The balance between athletics and academics at St.Andrew’s has always been a challenging one. For some people it’s harder than others, depending on what courses they take. SA students and teachers have tips that will help make this balance easier.

Hannah Halford, SA alum, teacher, and coach said, “Although the workload is heavy I don’t think it’s impossible. I think it requires a lot of balance and preparation. There are a lot of opportunities for SA students to add or take away from their workload. Prioritize what’s important and what’s not.”

Halford also suggests, “Studying smarter, not harder.”

By this she means to prioritize. Prioritize how you spend your time studying, because it just isn’t possible to give your 100 percent on every assignment.
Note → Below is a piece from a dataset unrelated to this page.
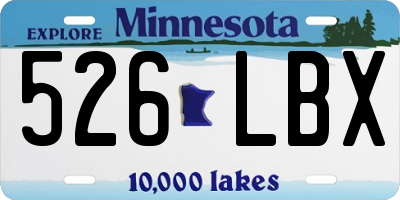 MN license plate 526LBX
Spend more time and effort on assignments that count more, while you shouldn’t be skipping out on smaller assignments, this is the best way to be successful without over loading yourself. This SA graduate also suggests communicating with your teachers and coaches by telling them about your conflicts. While they may not be able to accommodate your needs, it shows that you are planning and are aware of what’s to come.

“Remember that playing a sport is, paradoxically speaking, a sacrifice and a privilege” Halford said. “It takes a lot to be an athlete and a student, but the payout is more than makes up for it. My absolute best and strongest memories from high school all come from the times I had with my sports teams. Simply put, it’s worth it!”
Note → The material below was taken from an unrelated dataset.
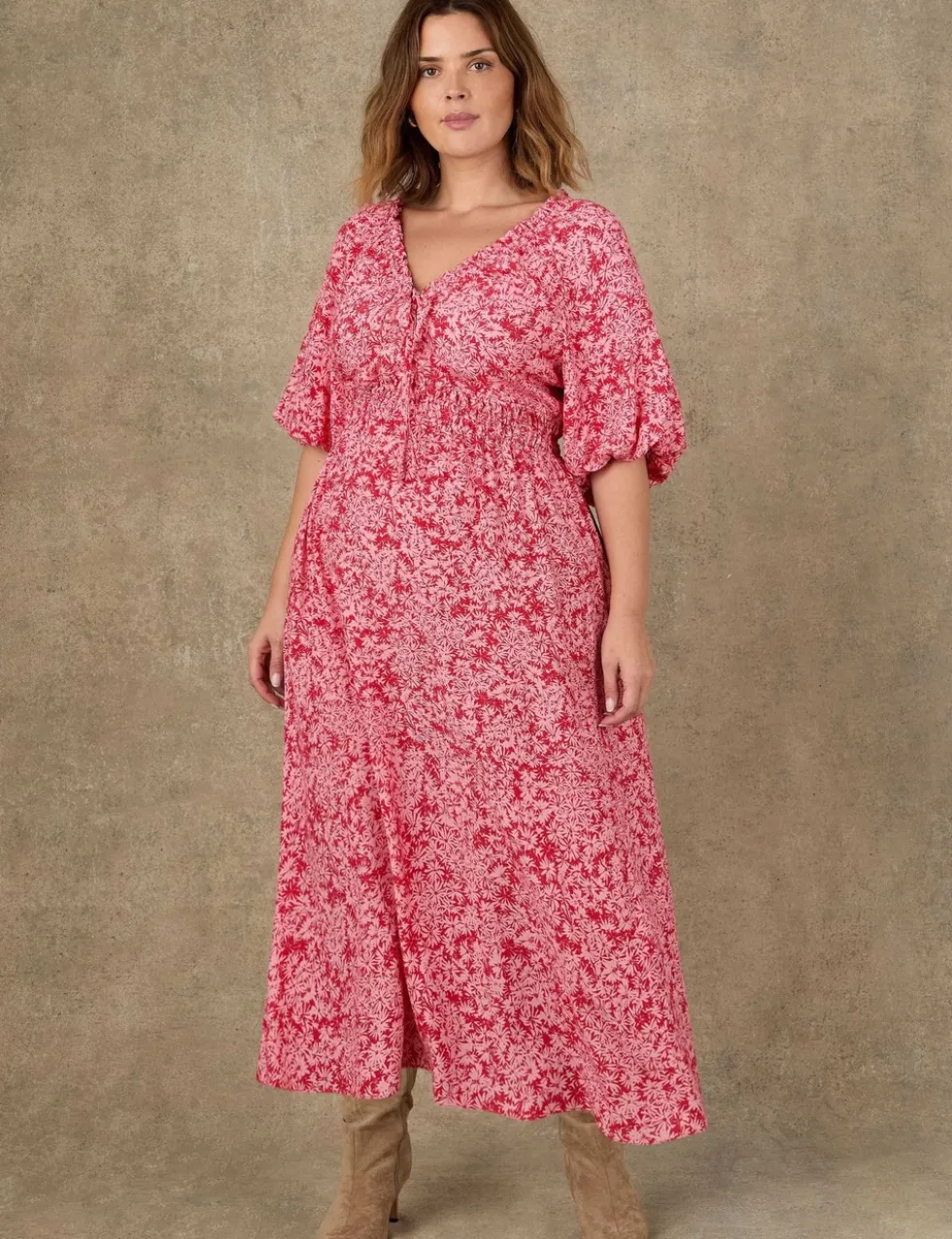 Floral V-Neck Maxi Waisted Dress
Halford also explains that organization and the use of your planner is very important. Plan out and know when you have games so you can plan your work accordingly.

Hollie Marjanovic, the Upper School Learning Facilitator, also suggests this method. She says that it’s about looking at the big picture of your schedule to see exactly when you need to do your work.

“Time management is key, it’s really hard because our athletes are pushing themselves physically and are going to be exhausted,” Marjanovic said. “They might have to give up some things like limiting screen time. Trying to chunk assignments is also helpful.”

Marjanovic also suggests, on game days, to make the most of your time. Any free period that you have, use it to work on homework or to study. She explains that if you get more accomplished in your academics then you will be better focussed for the game. She also understands that an athlete will be staying up later due to practices and games. Marjanovic suggests that you do more writing and kinesthetic work instead of reading when working later at night.

Senior Lauren Watson also agrees that time management is one of the most important skills you can have. She suggests acting like you don’t have any free time and getting your homework done. Watson plays soccer, volleyball, and tennis and has attended St. Andrew’s since Pre-k.

“Usually I do well in sports then I have no time to do homework and I’m exhausted. For instance, when we have away games especially for soccer it’s time consuming and energy consuming” Watson said.

Balancing academics and athletics can be very challenging, especially at St. Andrew’s. By using these tips and tricks and practicing skills such as time management, prioritizing how and when you study, and communicating with teachers and coaches you can become a better and more responsible student athlete.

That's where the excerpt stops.